◆ **EXERCISE PROMPT**
Give the lines of the material verbatim, from the first line to the line with "Load image into", including both.

◆ **LISTED RECORDS**

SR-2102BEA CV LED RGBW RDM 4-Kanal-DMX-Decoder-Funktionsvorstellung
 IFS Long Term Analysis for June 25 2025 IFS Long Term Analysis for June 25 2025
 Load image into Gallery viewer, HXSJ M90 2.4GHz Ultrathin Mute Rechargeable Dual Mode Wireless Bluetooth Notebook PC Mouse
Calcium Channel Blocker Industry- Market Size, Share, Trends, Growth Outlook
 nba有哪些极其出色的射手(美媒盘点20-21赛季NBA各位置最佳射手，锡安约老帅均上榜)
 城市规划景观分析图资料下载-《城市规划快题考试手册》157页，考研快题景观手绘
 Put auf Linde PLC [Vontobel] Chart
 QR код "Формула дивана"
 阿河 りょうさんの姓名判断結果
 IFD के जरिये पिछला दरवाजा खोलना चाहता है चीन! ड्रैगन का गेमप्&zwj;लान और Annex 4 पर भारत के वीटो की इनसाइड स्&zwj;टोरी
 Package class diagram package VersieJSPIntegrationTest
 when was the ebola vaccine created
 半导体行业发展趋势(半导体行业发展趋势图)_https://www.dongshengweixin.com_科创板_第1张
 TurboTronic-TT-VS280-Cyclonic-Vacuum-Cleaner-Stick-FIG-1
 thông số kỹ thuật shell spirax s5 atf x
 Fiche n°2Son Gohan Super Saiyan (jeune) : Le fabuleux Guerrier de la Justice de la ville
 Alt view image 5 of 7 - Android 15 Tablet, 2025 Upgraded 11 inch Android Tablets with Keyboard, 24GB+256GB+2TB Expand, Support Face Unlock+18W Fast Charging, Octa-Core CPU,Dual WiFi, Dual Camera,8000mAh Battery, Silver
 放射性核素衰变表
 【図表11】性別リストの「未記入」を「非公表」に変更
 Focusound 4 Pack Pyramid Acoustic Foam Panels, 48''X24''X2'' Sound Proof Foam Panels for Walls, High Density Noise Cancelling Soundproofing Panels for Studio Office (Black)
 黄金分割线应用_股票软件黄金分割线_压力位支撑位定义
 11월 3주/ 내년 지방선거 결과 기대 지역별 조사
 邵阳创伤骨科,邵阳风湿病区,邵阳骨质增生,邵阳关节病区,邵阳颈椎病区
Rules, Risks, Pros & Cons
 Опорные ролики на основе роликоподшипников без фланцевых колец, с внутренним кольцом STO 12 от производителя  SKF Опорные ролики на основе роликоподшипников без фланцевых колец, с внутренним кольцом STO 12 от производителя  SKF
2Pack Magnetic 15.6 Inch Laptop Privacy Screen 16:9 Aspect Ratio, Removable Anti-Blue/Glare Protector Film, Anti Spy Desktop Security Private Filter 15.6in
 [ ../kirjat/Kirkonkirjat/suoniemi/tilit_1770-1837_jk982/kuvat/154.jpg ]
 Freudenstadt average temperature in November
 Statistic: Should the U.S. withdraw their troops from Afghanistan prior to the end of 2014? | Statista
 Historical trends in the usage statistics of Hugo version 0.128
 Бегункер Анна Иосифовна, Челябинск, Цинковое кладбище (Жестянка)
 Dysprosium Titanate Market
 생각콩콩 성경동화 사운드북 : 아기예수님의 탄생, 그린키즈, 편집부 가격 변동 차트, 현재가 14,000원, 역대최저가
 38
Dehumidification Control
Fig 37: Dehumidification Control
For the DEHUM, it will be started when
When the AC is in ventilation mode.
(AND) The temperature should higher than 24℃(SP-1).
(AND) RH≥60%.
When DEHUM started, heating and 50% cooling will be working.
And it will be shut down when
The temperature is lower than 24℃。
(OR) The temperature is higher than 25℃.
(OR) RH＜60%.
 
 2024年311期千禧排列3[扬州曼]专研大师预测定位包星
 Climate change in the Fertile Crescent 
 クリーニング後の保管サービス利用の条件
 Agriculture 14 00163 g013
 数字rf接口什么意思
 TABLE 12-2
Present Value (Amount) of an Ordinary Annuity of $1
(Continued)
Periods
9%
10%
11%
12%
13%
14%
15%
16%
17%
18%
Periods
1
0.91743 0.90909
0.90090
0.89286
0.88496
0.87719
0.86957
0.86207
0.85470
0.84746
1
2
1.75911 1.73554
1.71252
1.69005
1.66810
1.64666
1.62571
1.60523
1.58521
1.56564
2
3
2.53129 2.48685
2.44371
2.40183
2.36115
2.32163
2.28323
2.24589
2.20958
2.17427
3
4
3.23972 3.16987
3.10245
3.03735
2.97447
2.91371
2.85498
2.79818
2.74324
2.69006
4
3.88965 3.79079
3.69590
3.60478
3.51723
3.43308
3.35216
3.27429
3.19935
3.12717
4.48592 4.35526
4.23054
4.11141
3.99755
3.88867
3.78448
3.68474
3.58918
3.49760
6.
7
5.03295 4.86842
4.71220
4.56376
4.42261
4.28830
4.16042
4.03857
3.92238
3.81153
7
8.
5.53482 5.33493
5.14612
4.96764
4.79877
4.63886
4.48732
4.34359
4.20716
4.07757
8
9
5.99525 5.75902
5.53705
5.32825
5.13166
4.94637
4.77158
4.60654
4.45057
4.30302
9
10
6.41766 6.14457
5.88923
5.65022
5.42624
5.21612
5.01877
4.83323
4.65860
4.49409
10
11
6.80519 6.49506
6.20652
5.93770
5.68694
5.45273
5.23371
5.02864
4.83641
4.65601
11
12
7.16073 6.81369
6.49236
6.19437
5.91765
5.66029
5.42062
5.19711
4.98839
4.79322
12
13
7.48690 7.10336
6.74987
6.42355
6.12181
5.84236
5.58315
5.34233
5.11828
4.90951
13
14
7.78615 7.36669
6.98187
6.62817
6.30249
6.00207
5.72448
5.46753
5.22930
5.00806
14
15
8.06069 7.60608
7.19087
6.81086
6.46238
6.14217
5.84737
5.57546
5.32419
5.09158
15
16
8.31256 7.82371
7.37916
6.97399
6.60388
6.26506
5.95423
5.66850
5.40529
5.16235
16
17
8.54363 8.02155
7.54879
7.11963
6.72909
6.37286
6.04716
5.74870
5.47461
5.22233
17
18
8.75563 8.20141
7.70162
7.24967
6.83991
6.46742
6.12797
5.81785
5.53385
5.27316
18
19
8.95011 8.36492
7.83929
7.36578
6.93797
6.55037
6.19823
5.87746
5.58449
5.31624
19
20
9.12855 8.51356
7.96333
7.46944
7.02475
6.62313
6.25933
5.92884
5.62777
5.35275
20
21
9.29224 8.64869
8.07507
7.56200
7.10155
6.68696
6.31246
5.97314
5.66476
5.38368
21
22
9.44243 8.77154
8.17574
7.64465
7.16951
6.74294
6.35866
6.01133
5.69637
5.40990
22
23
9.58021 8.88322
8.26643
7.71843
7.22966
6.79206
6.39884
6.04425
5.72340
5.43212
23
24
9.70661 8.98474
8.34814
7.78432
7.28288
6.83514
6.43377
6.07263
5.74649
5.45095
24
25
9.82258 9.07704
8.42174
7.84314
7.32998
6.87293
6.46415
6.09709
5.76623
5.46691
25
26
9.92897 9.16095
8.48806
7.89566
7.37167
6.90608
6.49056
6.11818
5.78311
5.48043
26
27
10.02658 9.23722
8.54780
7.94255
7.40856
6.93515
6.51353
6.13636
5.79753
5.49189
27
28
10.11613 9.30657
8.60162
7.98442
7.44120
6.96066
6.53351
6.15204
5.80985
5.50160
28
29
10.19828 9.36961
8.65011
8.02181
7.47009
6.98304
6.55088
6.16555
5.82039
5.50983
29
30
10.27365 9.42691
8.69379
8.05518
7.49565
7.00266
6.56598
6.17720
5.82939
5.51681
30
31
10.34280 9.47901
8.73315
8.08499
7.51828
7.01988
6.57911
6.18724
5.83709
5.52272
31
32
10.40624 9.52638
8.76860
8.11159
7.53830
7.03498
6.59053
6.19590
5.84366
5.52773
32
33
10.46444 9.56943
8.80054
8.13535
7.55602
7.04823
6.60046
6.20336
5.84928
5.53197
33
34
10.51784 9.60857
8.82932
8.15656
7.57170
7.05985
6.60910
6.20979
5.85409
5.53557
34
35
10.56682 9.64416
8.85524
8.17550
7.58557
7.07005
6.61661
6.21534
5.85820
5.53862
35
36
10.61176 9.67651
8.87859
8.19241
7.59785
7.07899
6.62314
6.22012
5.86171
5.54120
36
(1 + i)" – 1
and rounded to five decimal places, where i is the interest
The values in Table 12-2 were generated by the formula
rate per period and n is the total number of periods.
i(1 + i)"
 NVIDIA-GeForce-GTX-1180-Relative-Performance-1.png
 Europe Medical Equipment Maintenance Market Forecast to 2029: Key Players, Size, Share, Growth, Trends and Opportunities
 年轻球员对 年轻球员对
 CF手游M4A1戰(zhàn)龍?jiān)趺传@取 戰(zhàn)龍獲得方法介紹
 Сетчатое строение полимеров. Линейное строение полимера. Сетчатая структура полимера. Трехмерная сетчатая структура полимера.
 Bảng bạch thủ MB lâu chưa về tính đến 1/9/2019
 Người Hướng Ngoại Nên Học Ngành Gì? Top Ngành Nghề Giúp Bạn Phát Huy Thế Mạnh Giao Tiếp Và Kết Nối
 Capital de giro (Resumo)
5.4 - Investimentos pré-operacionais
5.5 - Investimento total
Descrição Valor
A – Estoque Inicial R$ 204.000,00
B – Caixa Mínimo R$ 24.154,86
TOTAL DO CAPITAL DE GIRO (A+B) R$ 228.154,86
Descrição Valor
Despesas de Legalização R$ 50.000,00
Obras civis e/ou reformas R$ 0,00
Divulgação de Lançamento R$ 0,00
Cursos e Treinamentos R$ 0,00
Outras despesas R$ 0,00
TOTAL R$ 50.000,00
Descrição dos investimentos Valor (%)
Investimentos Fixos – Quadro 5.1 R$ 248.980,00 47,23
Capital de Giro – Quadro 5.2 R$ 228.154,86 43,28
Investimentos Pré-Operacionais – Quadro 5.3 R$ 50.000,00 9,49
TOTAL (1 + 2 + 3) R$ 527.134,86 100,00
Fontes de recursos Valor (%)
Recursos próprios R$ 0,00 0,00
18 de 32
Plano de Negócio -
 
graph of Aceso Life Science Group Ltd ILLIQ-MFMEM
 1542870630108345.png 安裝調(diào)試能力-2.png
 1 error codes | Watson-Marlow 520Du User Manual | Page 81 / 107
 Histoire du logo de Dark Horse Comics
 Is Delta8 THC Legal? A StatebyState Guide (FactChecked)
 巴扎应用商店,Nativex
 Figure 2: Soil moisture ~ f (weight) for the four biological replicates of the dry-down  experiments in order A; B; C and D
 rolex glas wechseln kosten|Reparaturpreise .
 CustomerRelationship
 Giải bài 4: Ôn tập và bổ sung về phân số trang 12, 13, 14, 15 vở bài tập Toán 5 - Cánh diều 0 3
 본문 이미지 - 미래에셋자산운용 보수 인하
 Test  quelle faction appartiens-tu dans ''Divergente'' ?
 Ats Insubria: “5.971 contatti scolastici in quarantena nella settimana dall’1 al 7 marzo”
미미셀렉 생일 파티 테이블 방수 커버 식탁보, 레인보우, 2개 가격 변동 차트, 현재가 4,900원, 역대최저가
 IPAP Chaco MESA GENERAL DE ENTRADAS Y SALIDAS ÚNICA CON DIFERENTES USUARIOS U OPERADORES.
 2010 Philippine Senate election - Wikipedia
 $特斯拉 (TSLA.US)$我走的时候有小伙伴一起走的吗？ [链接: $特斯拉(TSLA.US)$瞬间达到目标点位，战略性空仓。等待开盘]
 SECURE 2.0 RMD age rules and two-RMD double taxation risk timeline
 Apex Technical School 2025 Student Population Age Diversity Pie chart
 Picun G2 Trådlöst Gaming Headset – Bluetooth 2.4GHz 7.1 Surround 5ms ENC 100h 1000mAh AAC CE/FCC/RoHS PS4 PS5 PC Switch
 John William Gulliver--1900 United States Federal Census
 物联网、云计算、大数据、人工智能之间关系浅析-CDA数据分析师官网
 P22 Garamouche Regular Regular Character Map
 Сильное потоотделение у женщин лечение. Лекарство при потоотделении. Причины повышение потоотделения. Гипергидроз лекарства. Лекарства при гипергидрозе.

◆ **THE ANSWER**
SR-2102BEA CV LED RGBW RDM 4-Kanal-DMX-Decoder-Funktionsvorstellung
 IFS Long Term Analysis for June 25 2025 IFS Long Term Analysis for June 25 2025
 Load image into Gallery viewer, HXSJ M90 2.4GHz Ultrathin Mute Rechargeable Dual Mode Wireless Bluetooth Notebook PC Mouse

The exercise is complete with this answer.